While ULIPs have this unique advantage, it is important to understand the features and details of this plan to stay better prepared.

How Partial Withdrawal Works

Premium allocation:

When you invest in a ULIP, a fixed premium needs to be paid, basis the chosen life cover amount. One part of the premium is for providing coverage and the other part is invested in various capital market funds.

Withdrawal of funds:

The part of premium that gets invested, gets divided into units, each with a specified value. In case of any emergencies, ULIPs allow you to redeem some of those units and withdraw money equivalent to those units.

Effect of withdrawals:

While the partial withdrawal feature is helpful during times of need, it also has some conditions to it.

For example, if your sum assured at inception was fixed at ₹ 5 lakh, and you withdraw units equivalent to ₹ 1 lakh, then your policy will be affected in 2 ways:

  • Your fund value will decrease by the amount you take out, in this case, ₹ 1 lakh
  • Your life insurance sum assured will also go down by ₹ 1 lakh, turning into ₹ 4 lakh, and remain at that value for the next two years

Therefore, if an unfortunate event occurs during those two years, your nominee will get the reduced sum assured. Hence, this feature must be used carefully.

Restoration of sum assured and fund value:

If you do not make any further withdrawals during these two years and pay premiums regularly, the sum assured is restored to its original value at the end of this interval.
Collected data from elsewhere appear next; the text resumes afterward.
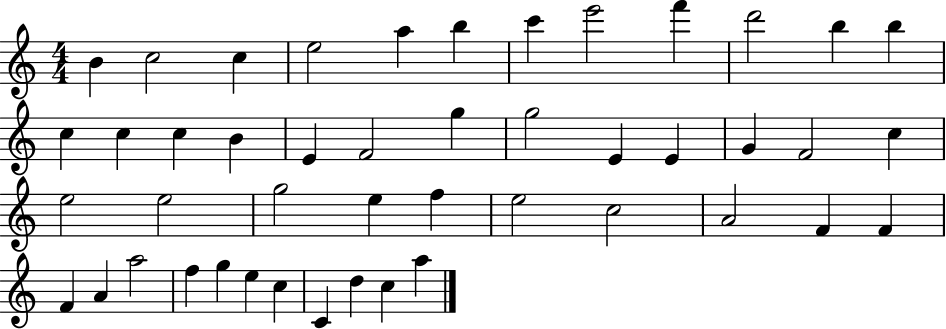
{
  \clef treble
  \numericTimeSignature
  \time 4/4
  \key c \major
  b'4 c''2 c''4 | e''2 a''4 b''4 | c'''4 e'''2 f'''4 | d'''2 b''4 b''4 | \break c''4 c''4 c''4 b'4 | e'4 f'2 g''4 | g''2 e'4 e'4 | g'4 f'2 c''4 | \break e''2 e''2 | g''2 e''4 f''4 | e''2 c''2 | a'2 f'4 f'4 | \break f'4 a'4 a''2 | f''4 g''4 e''4 c''4 | c'4 d''4 c''4 a''4 | \bar "|."
}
The fund value, on the other hand, depends on any additional premiums paid or any increase in the value of the invested units.
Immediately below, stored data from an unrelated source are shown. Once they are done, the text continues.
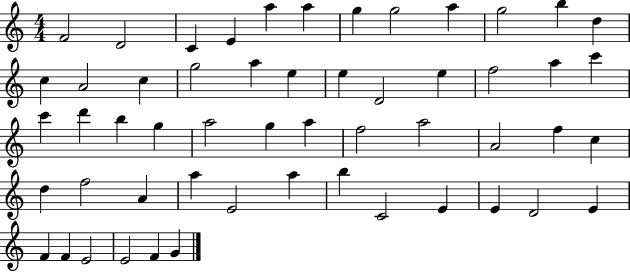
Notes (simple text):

F4/h D4/h C4/q E4/q A5/q A5/q G5/q G5/h A5/q G5/h B5/q D5/q C5/q A4/h C5/q G5/h A5/q E5/q E5/q D4/h E5/q F5/h A5/q C6/q C6/q D6/q B5/q G5/q A5/h G5/q A5/q F5/h A5/h A4/h F5/q C5/q D5/q F5/h A4/q A5/q E4/h A5/q B5/q C4/h E4/q E4/q D4/h E4/q F4/q F4/q E4/h E4/h F4/q G4/q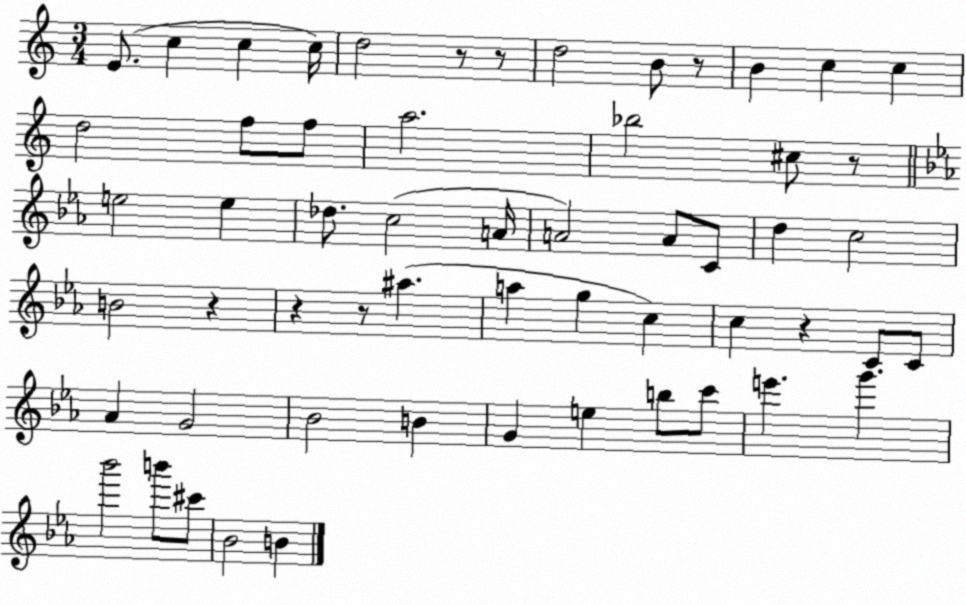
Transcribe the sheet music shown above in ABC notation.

X:1
T:Untitled
M:3/4
L:1/4
K:C
E/2 c c c/4 d2 z/2 z/2 d2 B/2 z/2 B c c d2 f/2 f/2 a2 _b2 ^c/2 z/2 e2 e _d/2 c2 A/4 A2 A/2 C/2 d c2 B2 z z z/2 ^a a g c c z C/2 C/2 _A G2 _B2 B G e b/2 c'/2 e' g' _b'2 b'/2 ^c'/2 _B2 B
Limits on Partial Withdrawals

  • A total of three partial withdrawals can be made during the entire policy tenure*. It is advisable to coincide those with major life events, such as your child’s wedding, their college admission, real estate purchase, any critical illness, and other long-term financial goals
  • One must be 18 years of age or above to be able to make partial withdrawals
  • Also, to withdraw money from the ULIP, it must be in force, with all due premiums paid on time
  • The minimum and maximum amounts that you can take out may vary with each policy and across insurance providers. However, the maximum withdrawal in a policy year cannot exceed 25% of the total fund value
  • Some policies limit the withdrawal amount based on the value of funds remaining after the withdrawal

Withdrawal before the Lock-In Period

ULIPs have a lock-in period of five years from the start date. Within this period, if the policy is surrendered, the payouts will not be received and no withdrawals can be made until this five-year term is over.

After the initial five years, a part of the funds can be taken out without having to pay any surrender charges or face any exit load on the policy.

How to choose the right plan?

While deciding to buy a ULIP, it is better to look for a plan which provides maximum benefits as per the preferred budget. Also consider factors like the stability, customer service quality, the reputation of the brand being opted for, etc. ICICI Pru Lifetime Classic is one such plan that helps to build wealth while also providing the policyholder’s family with a financial safety net in case of an unfortunate event.

Here are some of the top features of the plan:

  • Financial protection: In case of an unfortunate event with the policyholder, the nominee gets claim ammount and prevailing fund value as a lump sum payout
  • Rewards: Just by paying premium regularly and staying invested, loyalty additions and wealth boosters get added to the investment
  • Top-up option: Investment in the plan can be increased anytime as per convenience by using the top–up facility
  • Flexible payment options: Premiums can be paid monthly, half yearly, yearly or as a one-time payment
  • Invest in funds of choice: Various choice of equity, balance and debts funds, allows to invest as per your risk appetite
  • Tax# benefit: Enjoy tax# benefits as per the prevailing tax# laws

Conclusion

Partial withdrawals are useful in financial shortfalls. However, such withdrawals reduce the size of your total funds and also impact the benefits payable to your nominee. Hence, unless it is an absolute emergency, financial experts advise against withdrawing from your ULIP funds and encourage allowing your savings to benefit from long-term capital growth.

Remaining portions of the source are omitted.